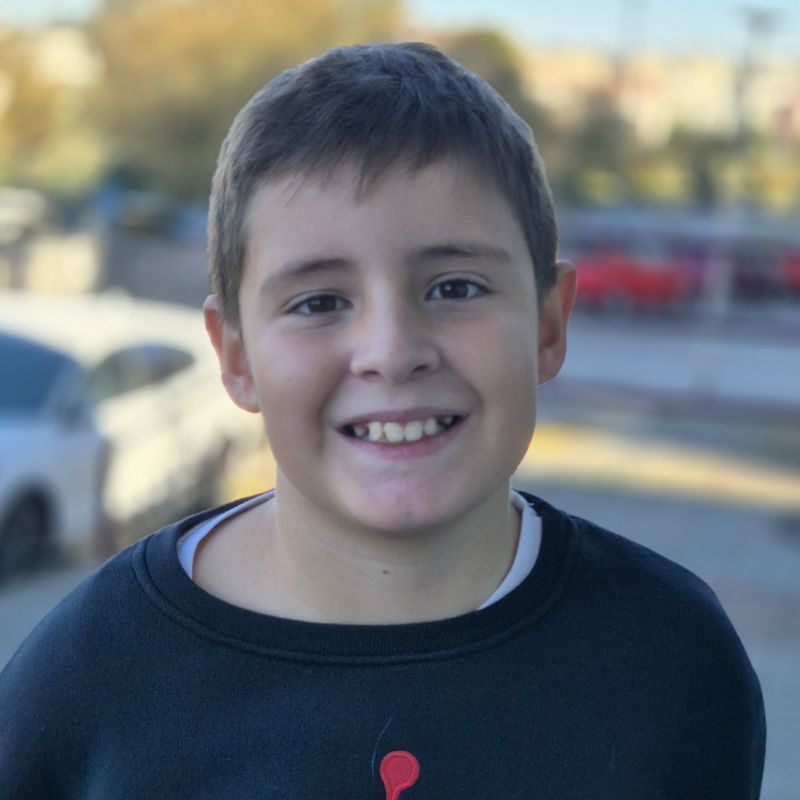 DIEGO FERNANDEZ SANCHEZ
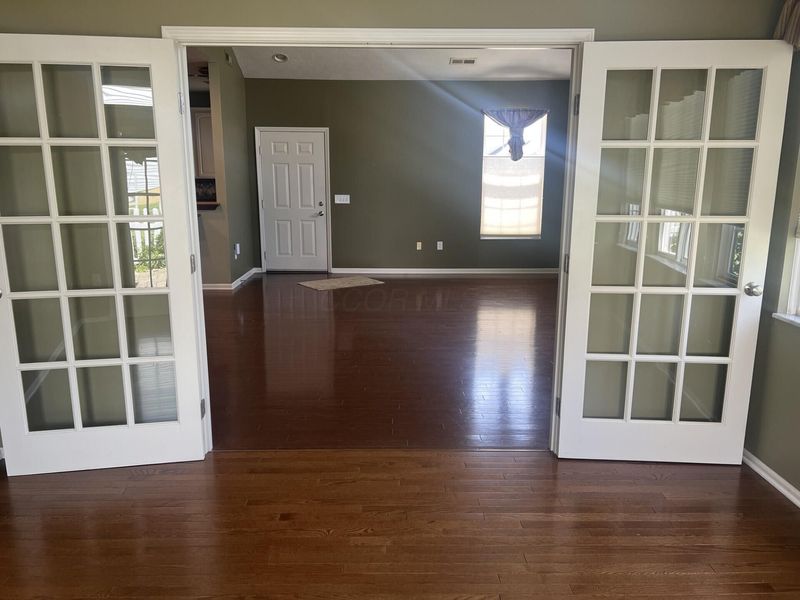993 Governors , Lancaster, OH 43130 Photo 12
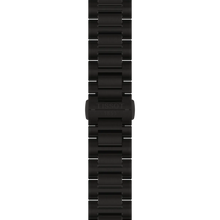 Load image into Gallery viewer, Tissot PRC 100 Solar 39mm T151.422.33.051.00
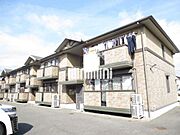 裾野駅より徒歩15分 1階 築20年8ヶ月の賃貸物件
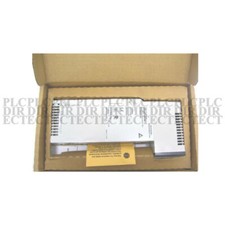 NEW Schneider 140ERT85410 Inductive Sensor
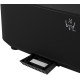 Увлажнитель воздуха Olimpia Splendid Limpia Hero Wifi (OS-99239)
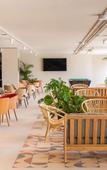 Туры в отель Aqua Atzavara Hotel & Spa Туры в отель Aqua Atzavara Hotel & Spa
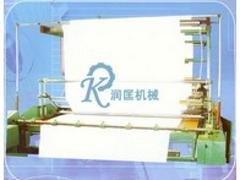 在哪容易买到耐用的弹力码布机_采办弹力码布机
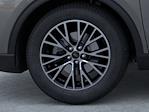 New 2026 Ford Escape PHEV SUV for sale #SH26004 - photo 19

- - -

WHAT THE TASK ASKS ▸
From the line with "Load image into" through the last line of the entries above, transcribe everything exactly, both ends included, but not the pictures.

WRITTEN ANSWER ▸
 Load image into Gallery viewer, Tissot PRC 100 Solar 39mm T151.422.33.051.00
 裾野駅より徒歩15分 1階 築20年8ヶ月の賃貸物件
 NEW Schneider 140ERT85410 Inductive Sensor
 Увлажнитель воздуха Olimpia Splendid Limpia Hero Wifi (OS-99239)
 Туры в отель Aqua Atzavara Hotel & Spa Туры в отель Aqua Atzavara Hotel & Spa
 在哪容易买到耐用的弹力码布机_采办弹力码布机
 New 2026 Ford Escape PHEV SUV for sale #SH26004 - photo 19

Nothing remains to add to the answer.